One new photograph revisiting an old post and one new memorial not previously discussed in earlier posts are today’s topics. Both of these memorials can be found near the waterfront in San Pedro, California.

I previously posted a discussion of the impressive¬†Jacob’s Ladder sculpture by Jasper D’Ambrosi. A reader of this blog has graciously provided me with a beautiful photograph of the memorial. Tamara Becker presently serves as a Second Mate and Chief Mate Unlimited on commercial ships. She also has a BA degree in Maritime History, extensive experience at sea, and a keen photographer’s eye. Of all the photographs I have seen of this memorial, Tamara’s is the best. The tenuous nature of the sailors’ hold on the ladder, the water at the lower sailor’s feet, the constant sway and twists of the Jacob’s Ladder, and the life and death tension of the entire situation is vibrantly conveyed in her superb photograph. It is my pleasure to share it with everyone. Thanks Tamara.

Another memorial in San Pedro is the Fishing Industry Memorial.

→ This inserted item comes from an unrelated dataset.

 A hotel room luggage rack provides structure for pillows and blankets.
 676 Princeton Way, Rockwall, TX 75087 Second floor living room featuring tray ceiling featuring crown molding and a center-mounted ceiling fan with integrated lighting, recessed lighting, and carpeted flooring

Southern California became a canning location for sardines, mackerel, bluefin tuna, yellowfin tuna, and albacore in the late 1800s. Fresh fish markets became common in San Pedro south to San Diego in the early 1900s. Large fleets of purse seiners could be found in the ports of Southern California throughout the 20th Century. The Fishing Industry Memorial pays tribute to the men who lived and died bringing tuna to market. The fine photograph is courtesy of Manuel Ortiz (mortis24 on Panoramio). Thanks Manuel.